In 1591, he participated in the Mughal expedition against Qutlugh Khan Lohani of Odisha with Man Singh and Puran Mal.

===Rebellion against Jahangir and assassination===
After death of Akbar, he attempted to become independent from Mughal rule. According to memoir of Jahangir, he collected around 4000 troops and large numbers of foot soldiers and challenge Mughal authority. Baz Bahadur, the governor of Bihar attack Kharagpur and in the battle, Sangram Singh got killed and rebel were defeated. After his death his son Todar Mal converted to Islam, became king and remain loyal to Mughal.

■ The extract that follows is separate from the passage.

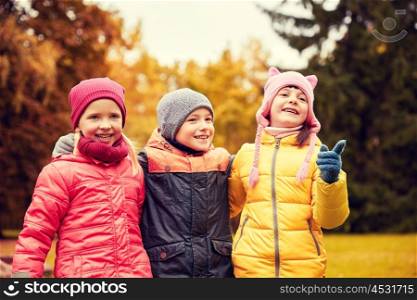 childhood, leisure, friendship and people concept - group of happy kids hugging and pointing finger to something in autumn park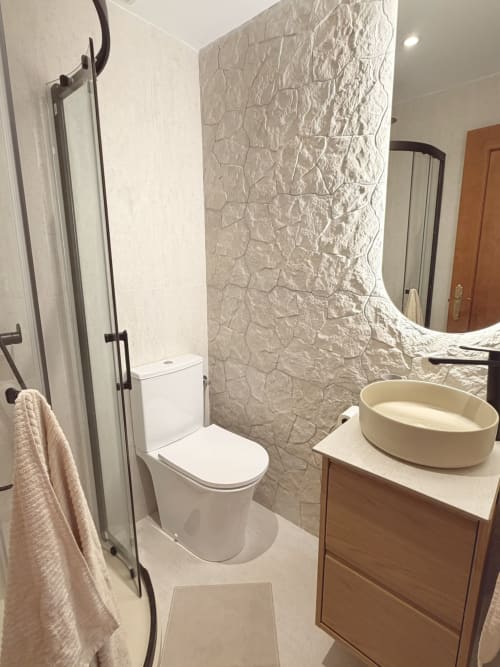 Modern bathroom with textured tile wall, white toilet, vessel sink, mirror, and black fixtures at HomyMarbella cottage in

According to William Wilson Hunter, in his work Statistical Account of Bengal, When Jahangir came to know about rebellious activity at Kharagpur, ordered Sangram Singh to present himself in court of Delhi but order ignored. So Jahangir ordered Jahangir Quli Khan, the subedar of Bihar to suppress the
rebellion. Baz Bahadur a commander was sent to Kharagpur. Raja Sangram Singh assembled his soldiers at Markan before a place near capital. The battle continued for several days. Then a foot soldier of Raja Sangram Singh went to the camp of Mughal forces and offered to assassinate the Raja Sangram Singh for a price. The offer was accepted by Mughal forces. The assassin succeeded in killing Sangram Singh. The army got confused after death of the king. They were fleeing from battle field but the wife of king, Rani Chandrajot, encouraged the soldiers to fight. She made her son Toral Mal the new king and continued the battle for several months. Baz Bahadur became desperate
to end the battle made a compromise.
He promised the queen to intervene on her behalf if she and her
son agreed go to the court of Jahangir. The Queen accepted the proposal and went to Delhi with him. But when they reached Delhi, treacherously Toral Mal was imprisoned. But on the request of Baz Bahadur, he was released and presented before the Jahangir. Jahangir impressed with Toral Mal's manners and conversation advised to change his religion, to which he agreed. He was conferred with title of Roz Afzun and married to the daughter of a noble. The territory of Kharagpur was assigned to Islam Khan for a year and then to Afzal KKha, the governor of
Bihar.

According to Tarikh-i-Kharagpurraj, the Baz Bahadur was unable to defeat the force of Sangram Singh. So he plotted to kill Sangram Singh in treacherous ways and killed the king with the help of his relatives.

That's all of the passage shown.